Stocks in France and Germany have fallen in value by more than 25% since the end of June.

Shares in London's FTSE are down 13.7%, the worst quarterly performance since 2002.

Friday's falls follow an unexpectedly sharp rise in the eurozone inflation rate for September to 3%.

Investors had hoped the European Central Bank would move to lower interest rates in the eurozone, after raising them in July to 1.5% to limit inflation.

However, the latest inflation figures may make such a move less likely.

Wall Street's main Dow Jones index ended Friday trading down 2.2% to record its worst quarterly performance since 2008.

Eurozone worries

But Friday's falls were just the latest bout of volatility in European markets, which have failed to regain ground since crashing towards the end of July.

Continue reading the main story image of Jamie Robertson Jamie Robertson Presenter, BBC World News

Following all the violent swings in equity markets since the sharp falls at the beginning of August, the main markets have not really moved outside fairly narrow ranges: the FTSE between 5,000 and 5,400 and the Dow between 10,800 and 11,600.

The Nikkei, the Dax and the Cac 40 have been gradually trending downwards by about 6-10% over the past two months. This is almost entirely due to uncertainty over the debt crisis and the fate of the eurozone.

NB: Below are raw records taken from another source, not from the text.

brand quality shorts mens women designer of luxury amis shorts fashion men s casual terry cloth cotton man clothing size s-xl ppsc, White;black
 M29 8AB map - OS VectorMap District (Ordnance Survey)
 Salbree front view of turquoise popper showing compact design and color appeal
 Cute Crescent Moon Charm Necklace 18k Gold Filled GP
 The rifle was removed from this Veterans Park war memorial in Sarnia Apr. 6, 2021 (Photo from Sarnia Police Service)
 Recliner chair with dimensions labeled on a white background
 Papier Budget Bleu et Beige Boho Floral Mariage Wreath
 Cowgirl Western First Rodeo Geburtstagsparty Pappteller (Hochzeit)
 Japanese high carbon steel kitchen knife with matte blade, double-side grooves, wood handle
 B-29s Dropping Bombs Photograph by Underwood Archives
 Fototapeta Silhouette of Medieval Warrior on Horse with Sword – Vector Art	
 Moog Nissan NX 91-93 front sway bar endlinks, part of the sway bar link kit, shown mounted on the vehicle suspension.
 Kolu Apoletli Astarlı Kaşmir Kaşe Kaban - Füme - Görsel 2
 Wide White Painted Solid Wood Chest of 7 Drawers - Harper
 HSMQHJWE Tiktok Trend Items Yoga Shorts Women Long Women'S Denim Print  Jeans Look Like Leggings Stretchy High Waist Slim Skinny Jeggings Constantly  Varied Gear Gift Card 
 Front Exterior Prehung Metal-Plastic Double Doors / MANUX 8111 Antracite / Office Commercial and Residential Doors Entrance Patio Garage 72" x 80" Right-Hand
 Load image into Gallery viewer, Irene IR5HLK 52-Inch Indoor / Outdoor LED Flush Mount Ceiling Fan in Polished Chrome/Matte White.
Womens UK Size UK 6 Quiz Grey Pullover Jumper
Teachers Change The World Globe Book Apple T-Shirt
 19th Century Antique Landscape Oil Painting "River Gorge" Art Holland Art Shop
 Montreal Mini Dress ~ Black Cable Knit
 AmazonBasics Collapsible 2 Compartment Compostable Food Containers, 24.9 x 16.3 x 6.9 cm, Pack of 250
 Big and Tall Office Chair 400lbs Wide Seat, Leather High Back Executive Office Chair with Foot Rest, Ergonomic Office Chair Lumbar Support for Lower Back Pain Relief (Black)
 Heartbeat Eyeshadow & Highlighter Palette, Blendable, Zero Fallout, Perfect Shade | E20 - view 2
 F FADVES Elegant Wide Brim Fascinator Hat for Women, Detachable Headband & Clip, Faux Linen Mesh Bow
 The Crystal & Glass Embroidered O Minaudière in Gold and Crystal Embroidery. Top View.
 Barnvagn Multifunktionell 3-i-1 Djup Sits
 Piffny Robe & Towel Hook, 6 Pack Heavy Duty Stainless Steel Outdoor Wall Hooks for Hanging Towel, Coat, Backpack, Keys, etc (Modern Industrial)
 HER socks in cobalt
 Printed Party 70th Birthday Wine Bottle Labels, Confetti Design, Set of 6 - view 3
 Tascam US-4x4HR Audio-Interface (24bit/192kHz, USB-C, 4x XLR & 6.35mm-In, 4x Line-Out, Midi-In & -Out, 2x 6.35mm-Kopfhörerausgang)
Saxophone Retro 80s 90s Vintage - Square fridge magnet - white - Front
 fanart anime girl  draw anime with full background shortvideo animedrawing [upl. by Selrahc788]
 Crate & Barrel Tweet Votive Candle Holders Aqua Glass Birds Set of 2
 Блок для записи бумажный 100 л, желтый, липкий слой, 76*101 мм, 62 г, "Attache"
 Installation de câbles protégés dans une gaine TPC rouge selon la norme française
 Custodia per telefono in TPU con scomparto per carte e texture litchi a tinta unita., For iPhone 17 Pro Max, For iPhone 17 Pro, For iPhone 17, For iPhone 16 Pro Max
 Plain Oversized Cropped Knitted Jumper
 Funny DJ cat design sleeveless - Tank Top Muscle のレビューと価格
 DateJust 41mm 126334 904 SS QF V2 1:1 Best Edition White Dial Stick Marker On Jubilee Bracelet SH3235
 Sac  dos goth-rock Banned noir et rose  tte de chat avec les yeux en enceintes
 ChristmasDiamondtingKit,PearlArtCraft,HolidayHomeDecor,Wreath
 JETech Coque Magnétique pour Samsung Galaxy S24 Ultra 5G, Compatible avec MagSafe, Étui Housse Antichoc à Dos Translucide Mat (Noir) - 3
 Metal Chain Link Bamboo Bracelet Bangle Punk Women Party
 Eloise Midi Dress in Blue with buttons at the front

However, even if there is no further bad news on that front, things are likely to get very active for individual companies.

Many of them, particularly ones that move in tandem with the economic cycle such as those in mining, retail, the auto sector and manufacturing, are trading on values that imply double digit growth.

October's results season could upset a lot of earnings forecasts, as markets come to terms with the prospect of near-zero growth in Europe and the US, and companies undergoing what are politely called price adjustments.

Economists say worries over the ability of eurozone countries to pay their debts are sparking concerns of a new banking and credit crisis.

"The euro area debt crisis has potential ramifications to euro area banking sectors in particular," said Grant Lewis, head of research at Daiwa capital markets.

"You've got concerns that a Greek default going wider into something more serious in terms of an Italian default, for example, that would leave banking sectors under-capitalised as well as having a calamitous effect on the economic outlook."

Shares in Germany's Deutsche Bank and Commerzbank both lost more than 30% in value since the end of June.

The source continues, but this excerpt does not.